Italy sticks to big-spending budget in high-stakes EU standoff

ROME, Nov 14, 2018 (BSS/AFP) – Italy’s populist government defied the
European Commission Tuesday by sticking to its big-spending budget plan,
risking financial sanctions in a high-stakes standoff with Brussels.

Despite pressure from the European Commission, which rejected Rome’s
budget outright last month in a first for the EU, Italian Deputy Prime
Minister Luigi Di Maio vowed to stand firm on the country’s anti-austerity
plans.

“The budget will not change, neither in its balance sheet nor in its
growth forecast. We have the conviction that this is the budget needed for
the country to get going again,” Di Maio, who leads the anti-establishment
Five Star Movement (M5S), said Tuesday evening after a ministerial meeting.

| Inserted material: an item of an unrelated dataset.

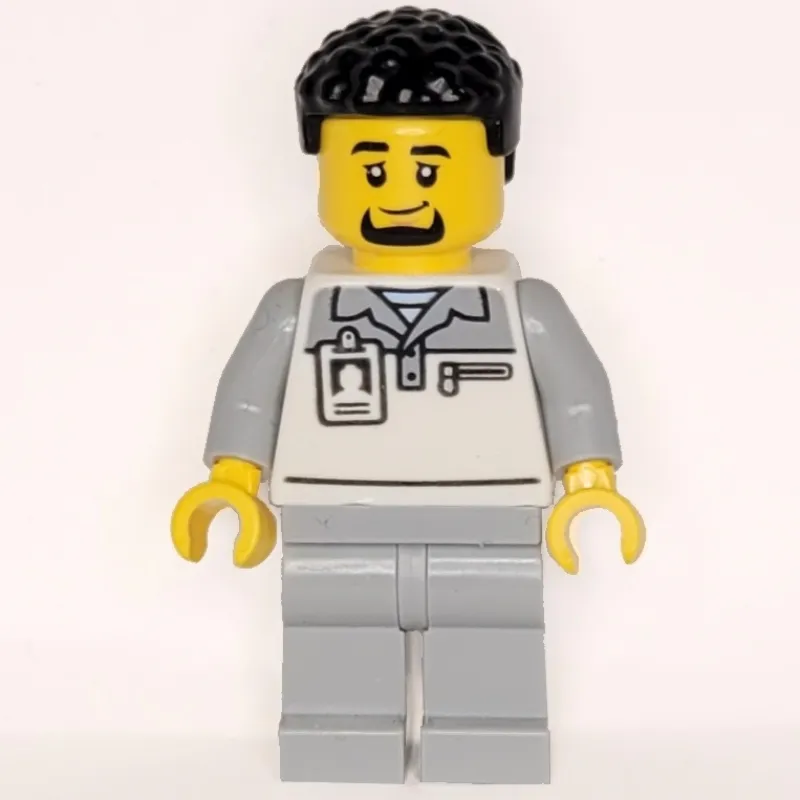 Garage Worker, White/Light Bluish Grey Suit, Black Hair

M5S and its coalition partner, the far-right League party, insist the
budget will help kickstart growth in the eurozone’s third largest economy and
reduce the public debt and deficit.

The Commission gave Italy until Tuesday to make changes to its 2019 plans
and warned non-compliance could activate the “excessive deficit procedure”
(EDP), a complicated process that could lead to fines and possibly provoke a
strong, adverse market reaction.

Italy intends to run a public deficit of 2.4 percent of gross domestic
product in 2019 — three times the target of the government’s centre-left
predecessor — and one of 2.1 percent in 2020.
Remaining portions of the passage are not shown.